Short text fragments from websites
————
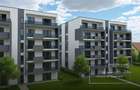 Apartament cu 3 camere decomandat în Iancu Nicolae - 1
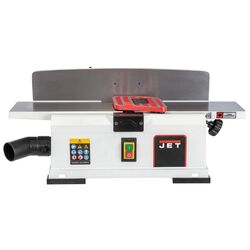 Masina pentru degrosare Jet JSJ-6HH Thumb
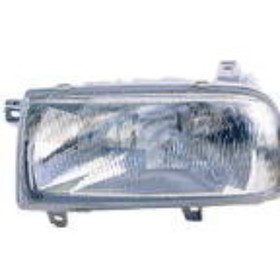 

Блокфара DEPO 4411112LLDE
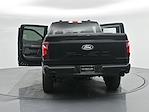 New 2025 Ford F-150 STX SuperCrew Cab 4x4 Pickup for sale #B251970 - photo 32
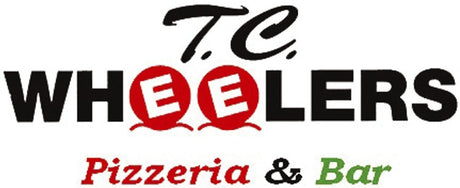 T.C. Wheelers Bar & Pizzeria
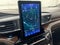 2022 Ford Explorer King Ranch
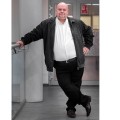 kurtka wiosenna duze rozmiary plus size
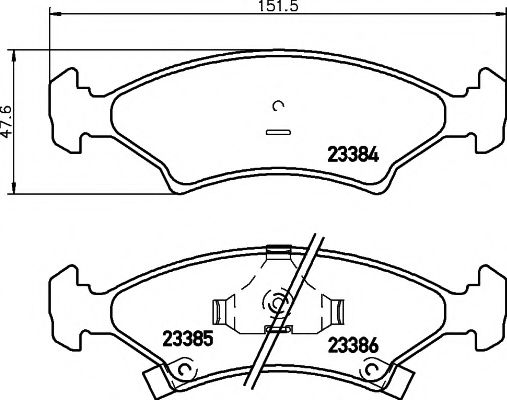 PAGID T1133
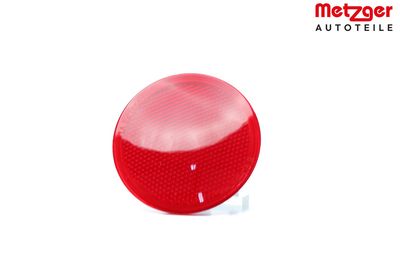 REFLECTOR METZGER AUTOTEILE 2080348 3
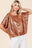 5c355e7ae366487f9b2e4920d5447b50-Max-Origin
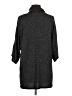 Teez-Her Gray Poncho Size M - photo 2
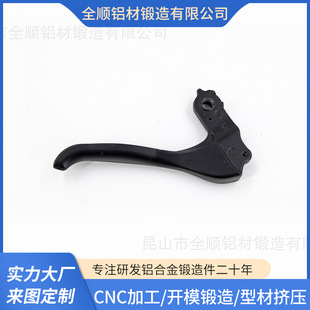 6061/6082/7075�X�Ͻ����S��D���ʮ���ꌣע呼��ɼӹ��� ��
————
» **What is needed**
Set the records down again exactly, with no pictures.

» **Response to this task**
 Apartament cu 3 camere decomandat în Iancu Nicolae - 1
 Masina pentru degrosare Jet JSJ-6HH Thumb

Блокфара DEPO 4411112LLDE
 New 2025 Ford F-150 STX SuperCrew Cab 4x4 Pickup for sale #B251970 - photo 32
 T.C. Wheelers Bar & Pizzeria
 2022 Ford Explorer King Ranch
 kurtka wiosenna duze rozmiary plus size
 PAGID T1133
 REFLECTOR METZGER AUTOTEILE 2080348 3
 5c355e7ae366487f9b2e4920d5447b50-Max-Origin
 Teez-Her Gray Poncho Size M - photo 2
 6061/6082/7075�X�Ͻ����S��D���ʮ���ꌣע呼��ɼӹ��� ��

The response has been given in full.